However, customers still prefer working directly with a person rather than using these offerings, according to recent research from Forrester.
Surveying 100 claimants across several lines of business, Forrester found that 56% of respondents said they preferred to work with a person rather than use digital self-service tools. The analyst firm found that even if a customer filed a claim online, they’d often follow up immediately with a phone call to confirm the process had worked. That undermines the point of the digital enhancements, which are supposed to reduce the load on claims and contact center resources, Forrester notes.
Forrester principal analyst Ellen Carney, who wrote the report along with David Hoffman and Christiana Lano, says that digitalization can’t work alone to shed the opaque perception of the insurance claims process. Even the most tech-savvy customers are calling to follow up, she says, because they “hope a human will take away some of that opacity in terms of the decision-making and the process behind the scenes.

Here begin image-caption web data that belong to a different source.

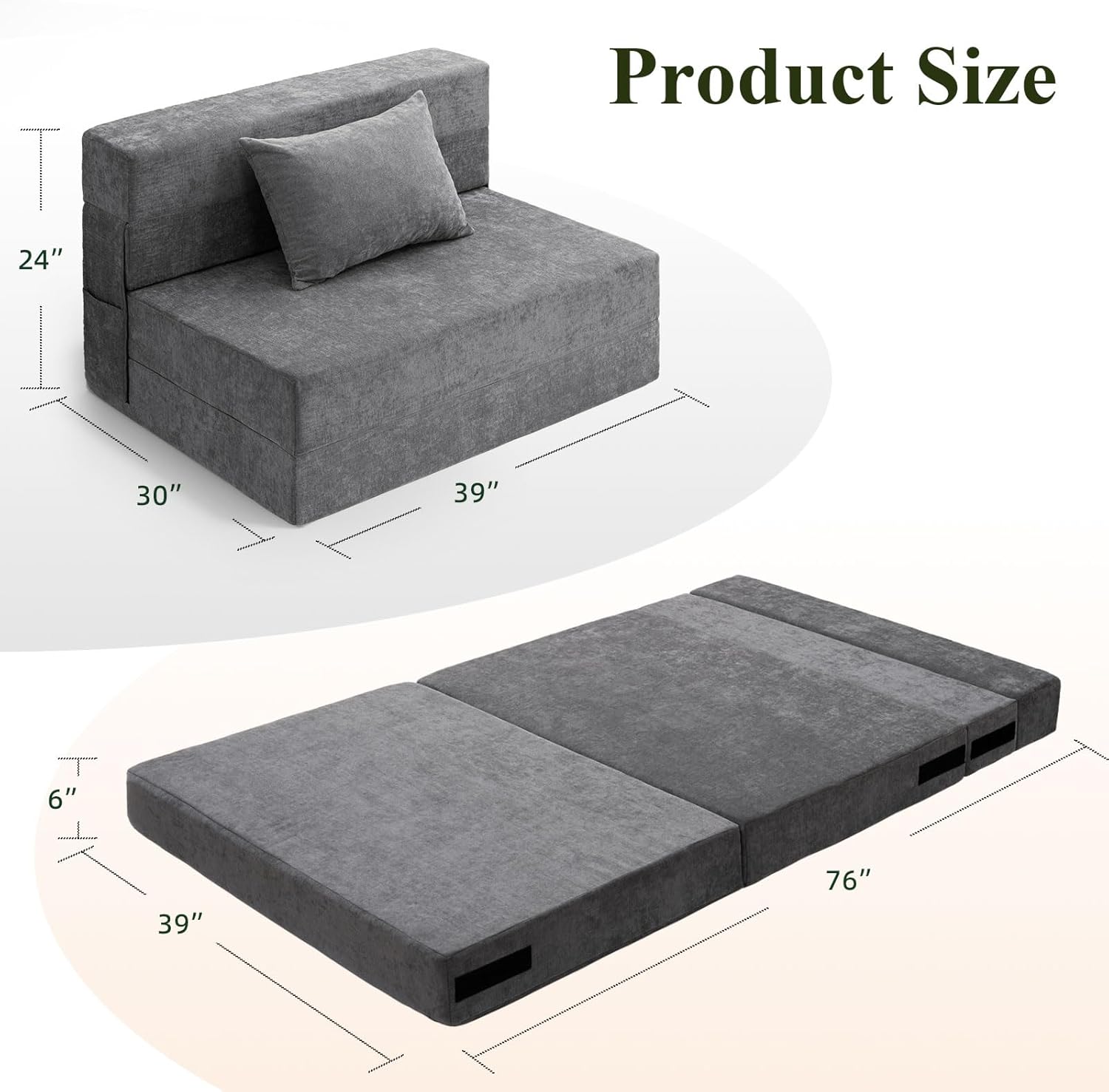 Gray Folding Sofa Bed with Pillow G156408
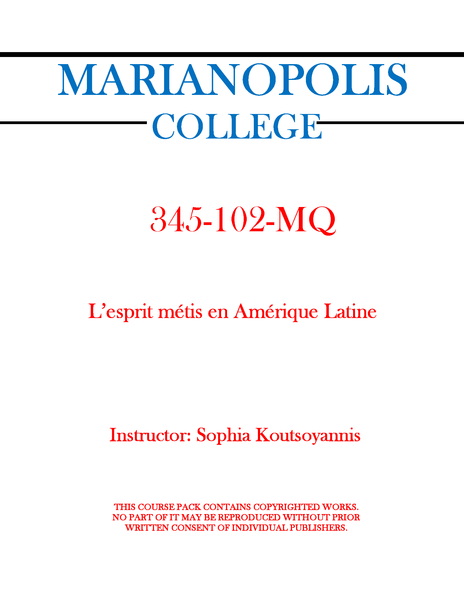 345-102-MQ - L’esprit métis en Amérique latine - Sophia Koutsoyannis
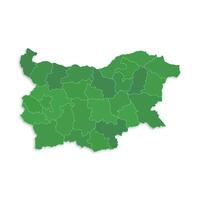 Bulgaria map with border highlighted regions, states, isolated on white background. Template map of Bulgaria. Detailed illustration. vector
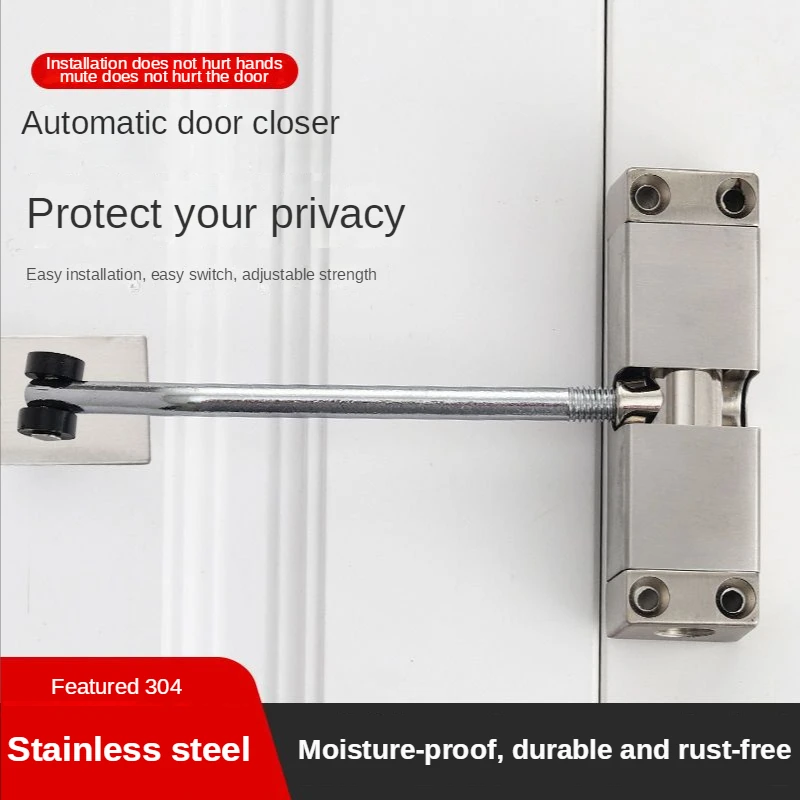 Door Closer Pulley Outdoor Iron Door Household Simple ering Closing Device Rebound Silent Closing Automatic Closer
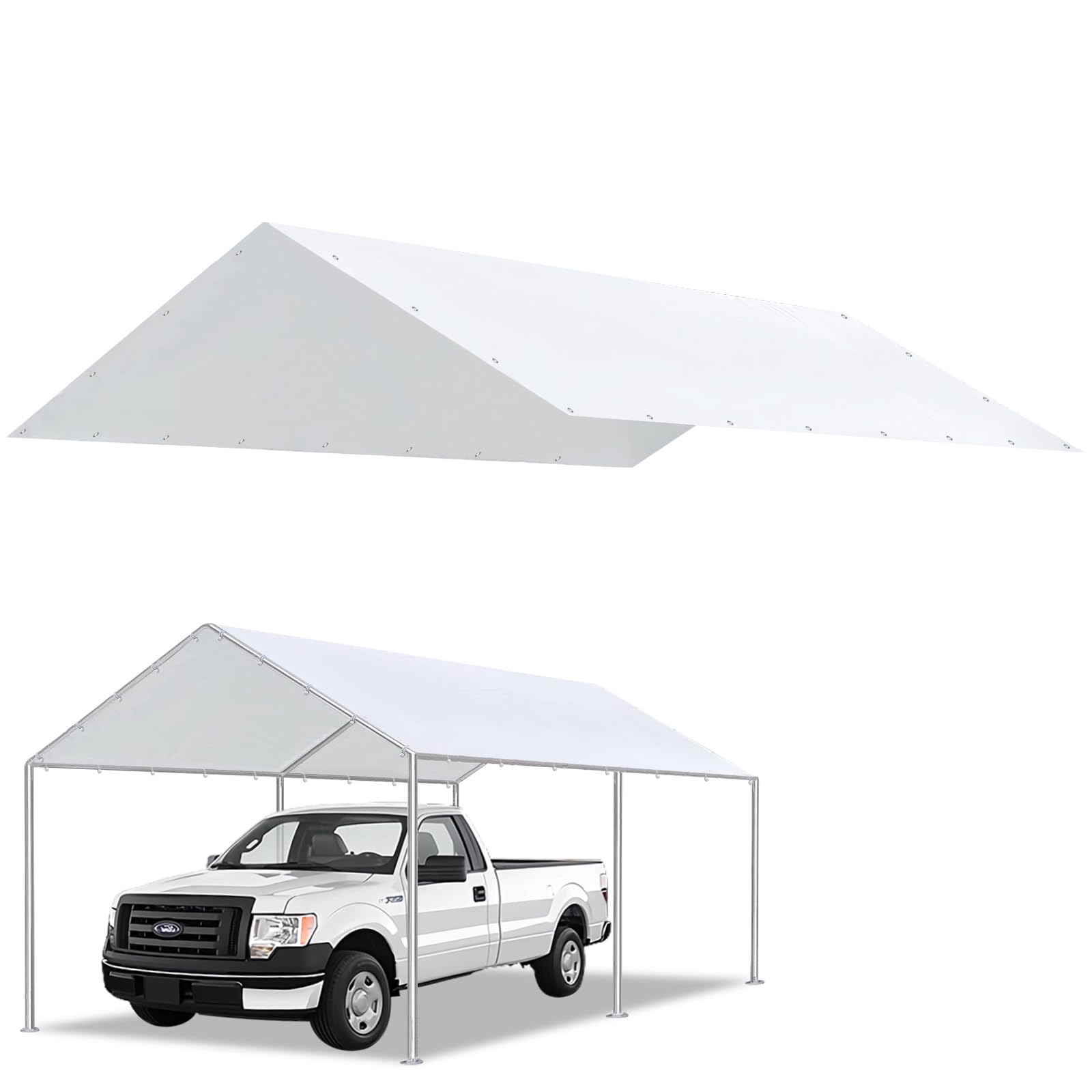 10 x 20 Ft Carport Replacement Canopy Cover Garage Top Tent Shelter Heavy Duty Waterproof UV & Tear Resistant Carport Cover Easy Assembly, White (Only Cover, Frame Not Include)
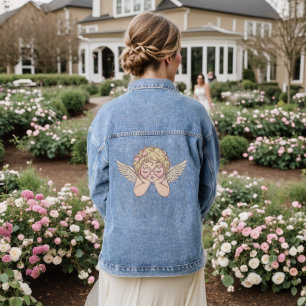 Whimsical Dreamscape Cherub with Hear Denim Jacket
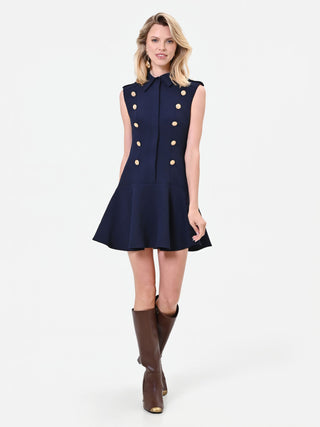 Blaues Minikleid mit Goldknöpfen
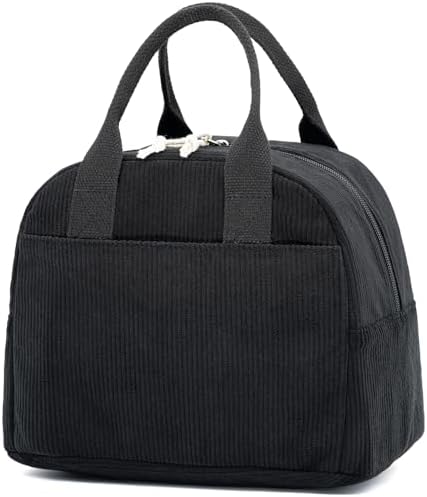 LOVELYWIND Lunch Box for Women, Black Corduroy Insulated Lunch Bag
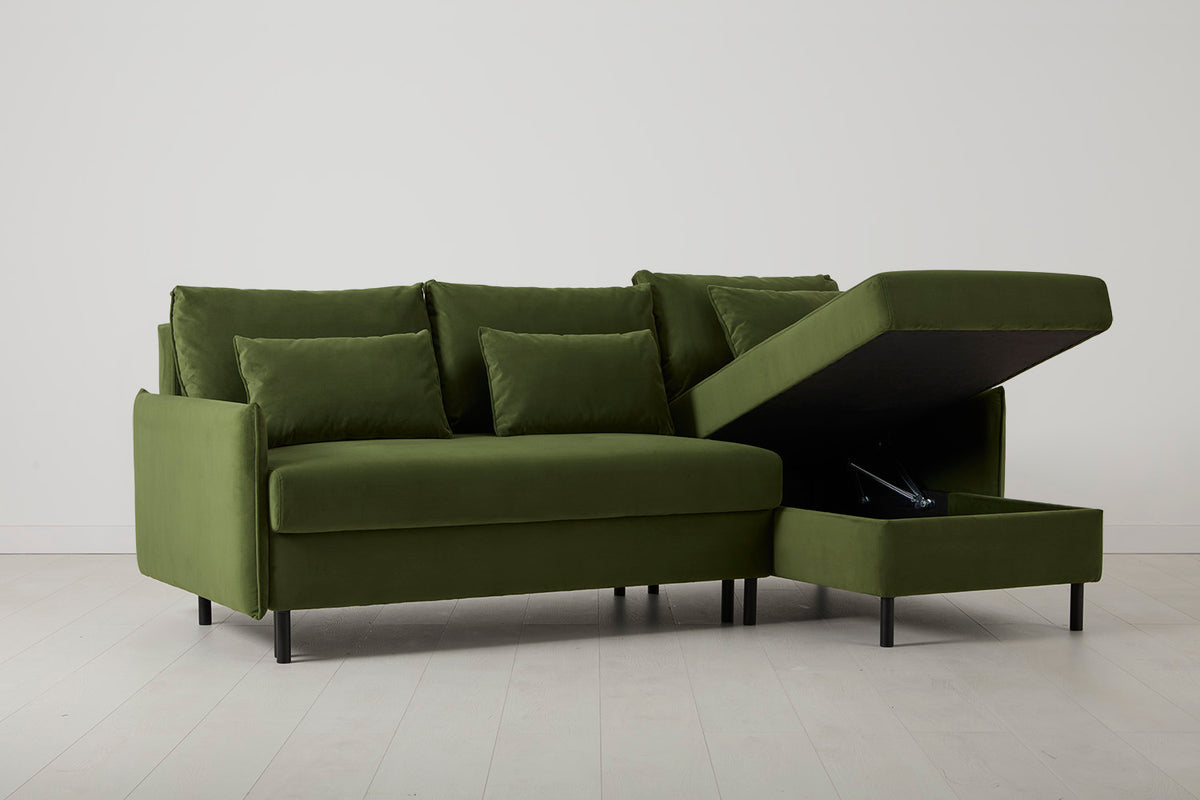 Model 12 Sofa Bed with Storage 3 Seater Right Chaise, Vine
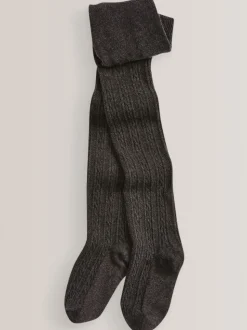 Charcoal Grey/Pink/Cream Regular Length Cotton Rich Cable Tights 3 Pack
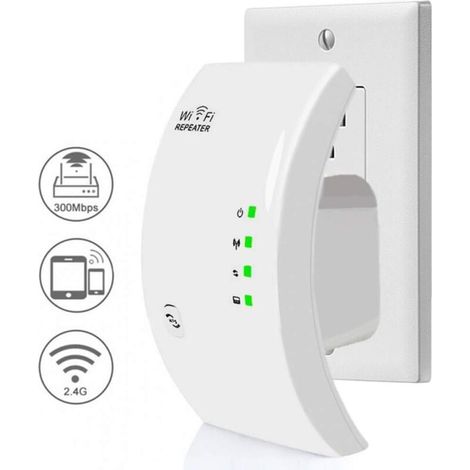 Ripetitore WiFi Ineasicer, amplificatore WiFi da 300 Mbps, copre fino a 200㎡, punto di accesso extender WiFi, aumenta la copertura WiFi, compatibile con tutti i box Internet, porta Ethernet, WP (1/4)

“It’s a black box — starts with a first notice of loss, something happens, and a payment comes out or someone shows up but most consumers don’t have a good sense of how some of these decisions get made,” she adds.
What’s happened across the insurance industry, Carney says, is that digitalization has focused on efficiency, not efficacy. Technology has reduced cycle times and has improved some operations, especially by reducing the manual workload for claims professionals. But those behind-the-scenes efficiency gains are not visible to consumers, who are filing a claim because something traumatic has happened to them. They still crave the reassurance that someone at their insurance company hears them.
“Nature abhors a vacuum,” Carney explains. “[Claimants] want to have that filled with a conversation or a telephone ring or something like that. There’s an opportunity to deliver an empathetic experience to someone who just wants to complain about that driver who T-boned them at an intersection, or the shopping cart that hit the car, or the family mementos they might’ve lost in a home fire.
“It’s not about settling the claim faster,” she concludes. “The kinds of capabilities that need investments are ones that make the desk adjuster or the claims adjuster be more effective in delivering an empathetic experience.”